Some of Andalucia’s still wines and artisan cheeses have already found a place at the front line of international gastronomy, owing to their quality, individuality and authenticity. The Ronda wines, fullbodied with complex aromas, the unique wines of Sierra de la Contraviesa in the Alpujarra region from the highest vinyard in Europe (over 1,300 metres) or those of Arcos de la Frontera that reflect all the typical flavours of this area and are wonderfully processed, are all examples of this achievement.
“They are excellent wines that can compete on an equal footing with the best wines from northern Spain as well as France and they should be much better known by the Andalusians. In order to achieve this, it is vital to bring them to the attention of professionals in the restaurant and hotel trade. This is the objective of “Larders of the South”, Paco Garcia explains.
Andalucia has become one of Spain’s most active wine producing areas with a high distribution. Over the last few years more than a dozen different wine producing areas have been created under the umbrella of Vinos de la Tierra (Wines of the Region). The best known are Ronda, Sierras de Malaga, Sierra Norte in Seville and Rivera de Andarax in Almeria.

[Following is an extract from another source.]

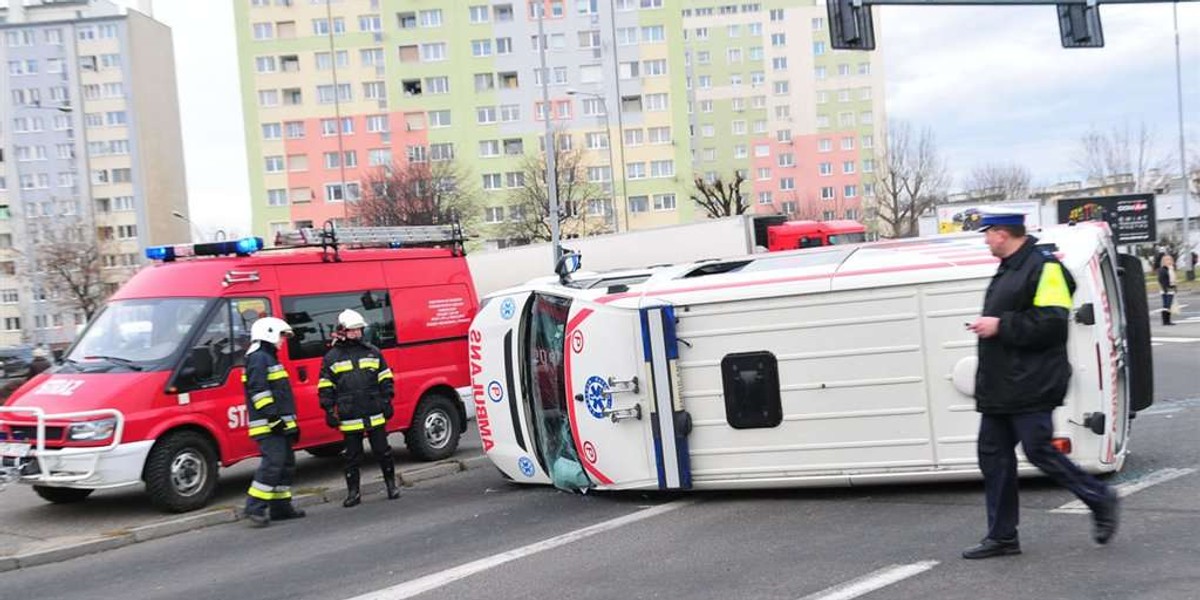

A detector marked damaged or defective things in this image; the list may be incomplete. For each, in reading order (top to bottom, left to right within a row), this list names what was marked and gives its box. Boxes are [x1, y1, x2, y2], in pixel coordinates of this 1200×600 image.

It is the same with the cheeses. French cheeses are well-known internationally, when in fact many of them are made with goats’ milk produced in Malaga. This is something that needs to be radically changed. Fortunately, over the last few years a lot of investment has been made in modernising artisan cheesemaking with the latest technology. This has resulted in a variety of cheeses of extraordinary quality.
Most of the artisan cheesemakers are found in Malaga, where over 60 percent of Andalucia’s goats milk is produced. There are 19 artisan cheesemakers in the province and their produce is magnificent, well worth a place of honour in gourmet restaurants and stores.
The great improvement in the quality of cheesemaking in Malaga is due to the use of natural milk which is heated to a maximum of 36 º C . Milk treated like this preserves all the original flavours of the food given to the goats, whether it be the salt of the coast, rosemary or thyme. All these flavours are preserved in the cheeses.
The use of natural milk takes us back to the traditional mountain flavours.